La Samaritaine

 

 

« Celui qui boira l’eau que je lui donnerai

N’aura plus soif... » Seigneur, je n’ai plus soif, c’est vrai.

Pour la première fois ! J’ai bu, pour la première !

Oh ! je voudrais pleurer sur tes mains de lumière...

Comme il est bon ! Il me les tend. Tu me les tends !

J’avais si soif, si soif, et depuis si longtemps !

C’est ce vers quoi, sans fin, je reprenais mes courses,

L’eau vive, – et j’en connais toutes les fausses sources.

Quelquefois je croyais aimer, et qu’en aimant

Tout irait mieux, et puis je n’aimais pas vraiment,

Et je restais avec une âme encor plus sèche...

Mais, dès qu’on me parlait d’une autre source fraîche,

L’espoir d’une eau nouvelle et de nouveaux chemins

Me faisait repartir, mon urne dans les mains !

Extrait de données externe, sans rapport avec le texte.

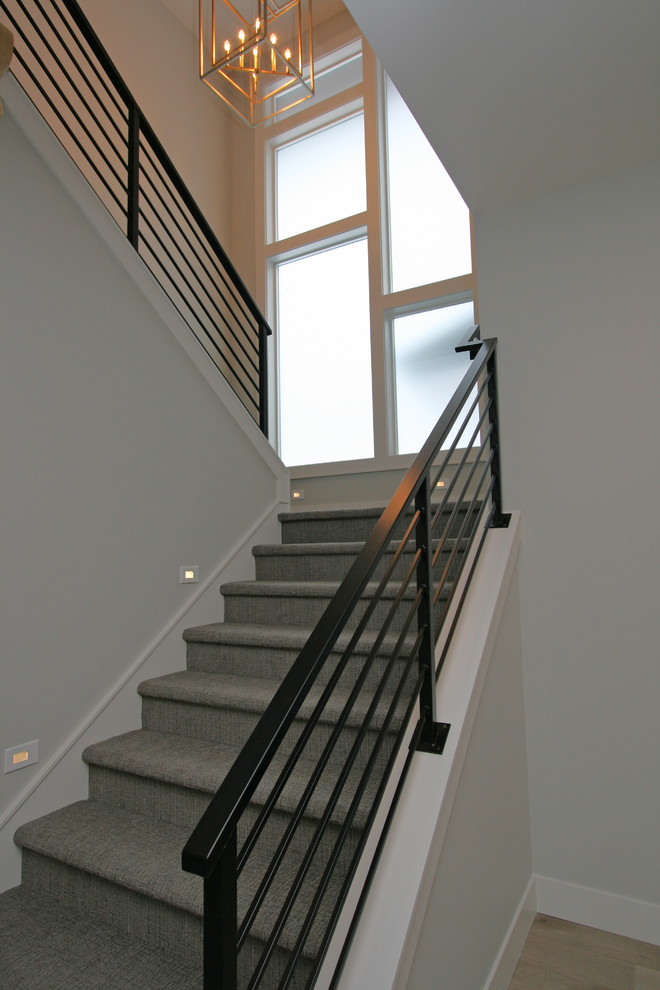 Источник вдохновения для домашнего уюта: п-образная лестница среднего размера в современном стиле с ступенями с ковровым покрытием, ковровыми подступенками и металлическими перилами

Et je reconnaissais toujours la même route,

Et le même bétail, au même endroit, qui broute,

Les mêmes oliviers tordus et rabougris,

Le même ciel d’azur ou le même ciel gris,

Et d’un geste pareil, mais d’une âme plus vieille,

Toujours dans la citerne, hélas ! toujours pareille

De volupté saumâtre et de trouble plaisir,

Je descendais toujours l’urne de mon désir...

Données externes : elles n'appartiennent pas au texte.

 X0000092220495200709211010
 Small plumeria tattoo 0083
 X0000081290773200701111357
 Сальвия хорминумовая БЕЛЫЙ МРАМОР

Mais à peine à cette eau ma lèvre touchait-elle

Que déjà je brisais l’urne sur la margelle !

.   .   .   .   .   .   .   .   .   .   .   .   .   .   .   .   .   .   .   .   .

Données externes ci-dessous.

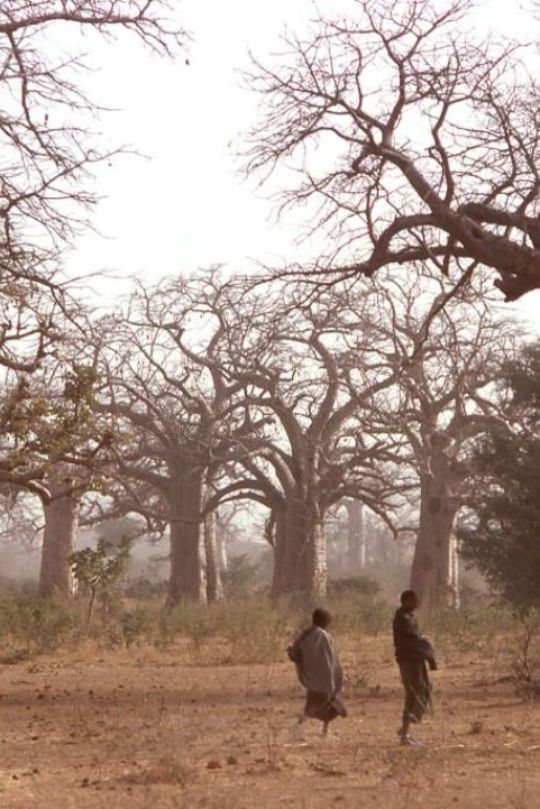 туры в южный судан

Et maintenant, c’est dans la fraîcheur que je vais,

Car mon âme a senti, de son ombre surprise,

Sourdre, à flots de clarté, la fontaine promise !

Jaillis, source d’amour, et monte en jet de foi,

Et puis retombe en gouttes d’espoir, chante en moi,

Chante ! et suspends, au lieu d’une poussière infâme,

Une poudre d’eau vive aux parois de mon âme !

 

 

 

Edmond ROSTAND.

 

Recueilli dans Poètes de Jésus-Christ,

poésies rassemblées par André Mabille de Poncheville,

Bruges, Librairie de l’Œuvre Saint-Charles, 1937.